An uprising that toppled leader Hosni Mubarak four years ago hit the economy hard, discouraging investors and tourists and slashing economic growth. Egypt hopes the conference will project an image of stability and help attract billions of dollars.
Ramy told Reuters that goal was part of strategic plans that include creating two new resorts through nearly $1 billion of investment over five years and hiring a private company to run a three-year advertising campaign.
He said he wanted to counteract the negative news of the last few years which has hampered tourism, a major source of revenue and foreign reserves for Egypt.
More than 14.7 million tourists visited Egypt in 2010, dropping to 9.8 million in 2011. They rose the following year to 11.5 million but shrank back to about 10 million last year.
Ramy said he expected numbers to grow by 15 percent this year.
"The message is right on my face: it's seven o'clock in the morning and we already have this beautiful sunshine here in Sharm El-Sheikh," he said in a poolside interview at a luxury hotel.
Ramy, 56, was appointed minister this month in a cabinet reshuffle.
He said Egypt was on track to have enough hotel rooms to accommodate 20 million tourists, but needed investment in restaurants and shopping malls.
Egypt will seek investment for two new investment projects, Ramy said: an 8-million-square-metre resort on the Red Sea worth 5 billion Egyptian pounds and a 1-million-square-metre resort on the Mediterranean worth 2.5 billion pounds.
Ramy said the ministry would use its $40 million a year marketing budget to contract a global advertising campaign this summer.
Security is a concern for tourists in Egypt, which is facing an Islamist insurgency based in the northern Sinai that has launched small bombing attacks across the country. Blasts usually target security forces but more recently have hit civilian targets such as restaurants and stores.
Asked what the government was doing to secure tourists, Ramy pointed to heavy security for the weekend conference.

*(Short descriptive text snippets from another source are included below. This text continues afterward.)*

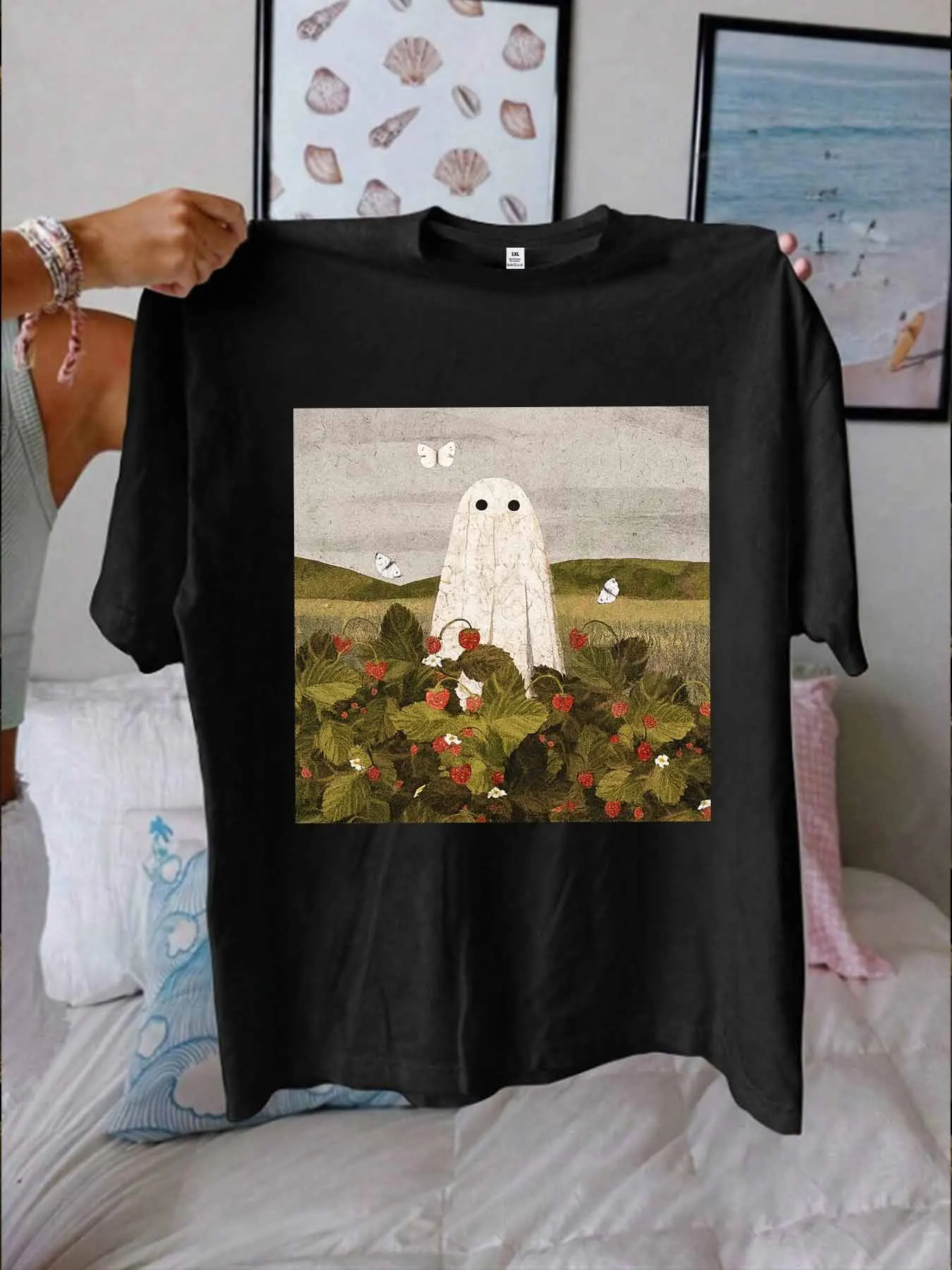 

【WY13144】Женская футболка больших размеров с круглым вырезом и короткими рукавами, эластичными полурукавами и модными принтами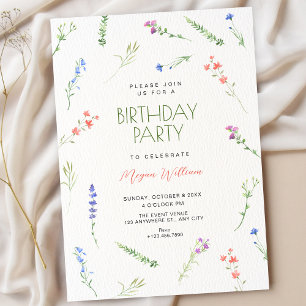 Aesthetic Minimalist falling flowers Birthday Invitation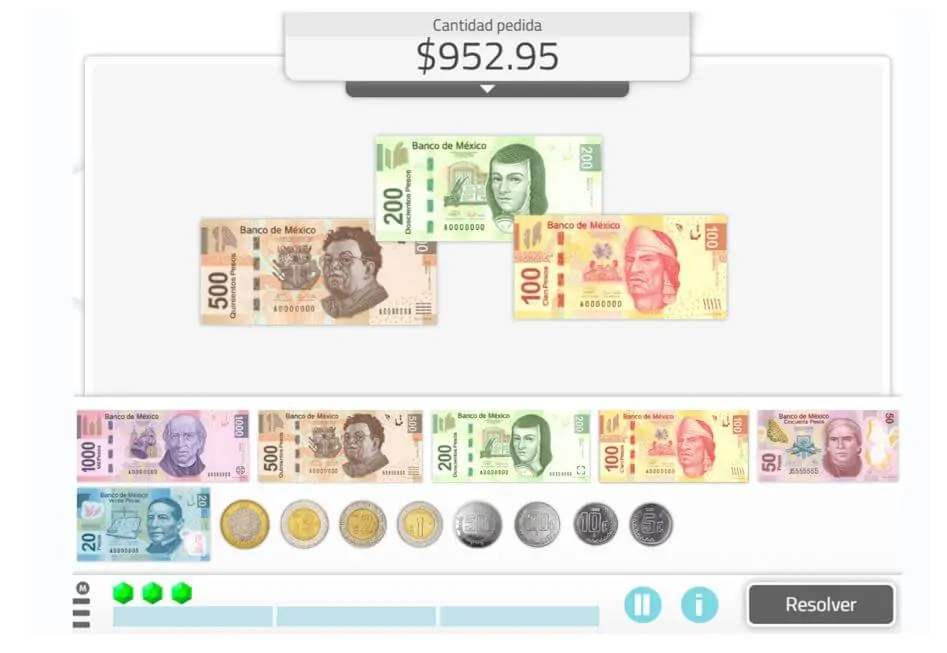 Interface de manuseio de dinheiro na NeuronUP com notas de peso mexicano, moedas, barra de progresso e o botão Resolver.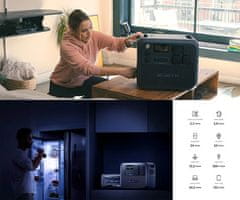 BLUETTI AC200L prijenosna stanica za punjenje, snaga 2400 W, baterija od 2048 Wh, BMS sustav, crna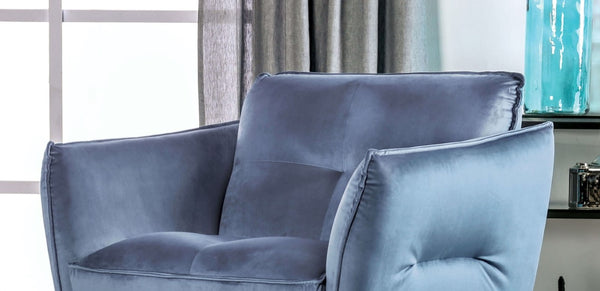 English Elm Contemporary Mezzanotte Italian Leather Armchair with Track Arms, Welted Box Cushions & Metal Legs Light Blue 36 L x 37 W x 28 H B2741S00591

"As you have seen here in Sharm El-Sheikh, I don't think even a rat from the desert could come in and do anything," he said.
Security has been tight during the three-day event, attended by kings, heads of state and top officials including U.S. Secretary of State John Kerry.
Checkpoints on major roads are manned by machine-gun wielding soldiers in combat gear, while military helicopters buzz overhead. Plainclothes police line more isolated desert roads.